Professional massages are fantastic, but unless you're sort of rich, that's probably not the answer. Have you ever tried self-massage with one of those foam rollers? That helps my glutes, IT bands, and calves. You have to be able to hold yourself up to do the rolling, so it requires some arm strength.
My husband has problems with increased spacticity in his legs, too. He has suffered from RLS for years, we never equated it to the MS, until after his diagnosis. And before we knew he had MS, he was having Achilles problems on his "good" leg. Turned out he had a bone spur that had chipped off, had shredded the tendon, and the tendon was shortened due to the spacticty. He had surgery to remove the bone spur fragments and repair the tendon.
For the spasticity, at 1st, His Neuro actually had him on Baclofen for it. Hubby ended up swelling in hands and feet, turns out he is one of the few people who have that side effect. Hubby now takes Neurontin, but only at bedtime as it makes him too sleepy. We also have one of those electric neck massagers that actually work pretty well on the calf and thigh area. Agree with hbananas, a good massage is great, and it would mean being sort of rich to have them very often..lol
My degree is in OT, I asked Neuro for an rx consult for PT. One of my PT friends saw hubby for a few treatments. Showed us stretching exercises that can help, too, with and without Theraband. We always do the stretching activities first, as it is not good to try and strengthen a spastic muscle...just feeds into the spacticity.

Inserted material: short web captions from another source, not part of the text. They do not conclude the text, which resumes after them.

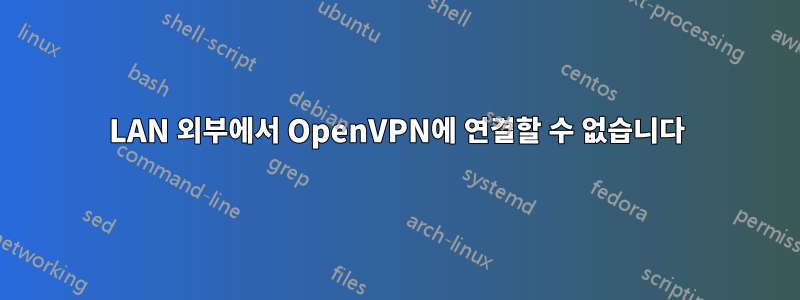 LAN 외부에서 OpenVPN에 연결할 수 없습니다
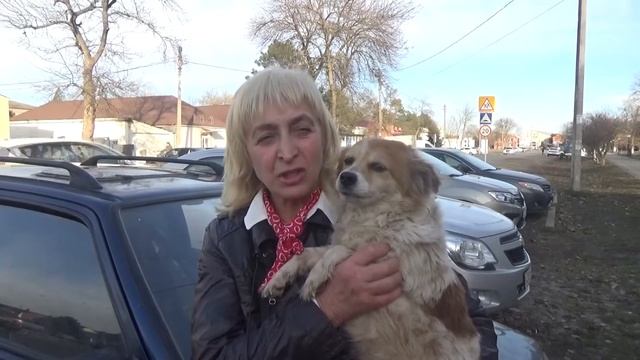 Приют для животных в Краснодарском крае. Конечно поговорим о собаках смотреть онлайн
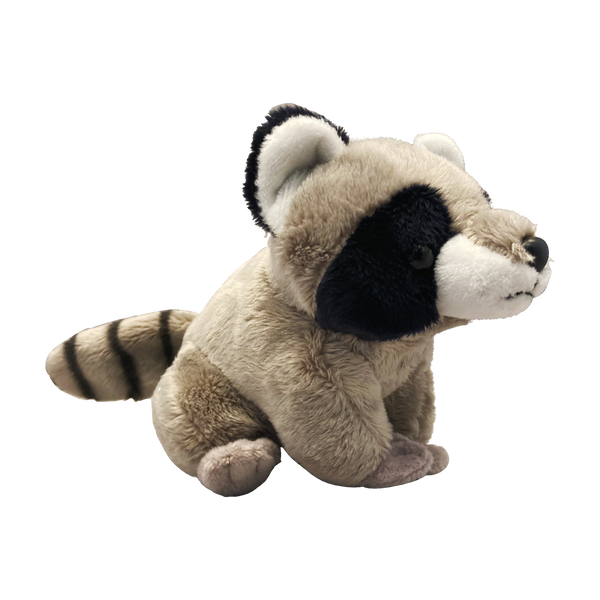 Pocket-sized Raccoon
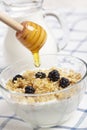 Yogurt, muesli, blackberry, and honey Royalty Free Stock Photo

I think I even underestimated how much stretching can help!
Since we are all different, it's always best to consult with your Dr and see what works best for you.
Your post is exactly what I needed to read!Recently,the muscle spasms in my feet aren't the only problem.My left leg and right arm have started hurting.
I've been doing my own therapy,using a weight, and a ball that I squeeze in my hand."Use it or lose it" is my motto.I downloaded some stretching exercises from the MS society.I haven't been diagnosed with MS,but my neuro thought the stretching exercises were good.
Happy to be of help.
I was standing at checkout with my Mom at clinic with several diff specialists. A Dr came by, stopped to tell receptionist that "The patient who called in because they were having pain with MS couldn't possibly be in pain. That MS didn't cause pain.". I am sorry, but I had to speak up, Dr was speaking to receptionist checking us out, so I was right there. I was polite, as I am certainly no Dr. But I have seen 1st hand the pain my husband has been in. And the pain some of my therapy patients experience. And it really isn't good practice to use "All or nothing" regarding people anyway..unless one says people are all different, and nothing is ever the exact same. :-)
Stretching and massage can be beneficial for many things.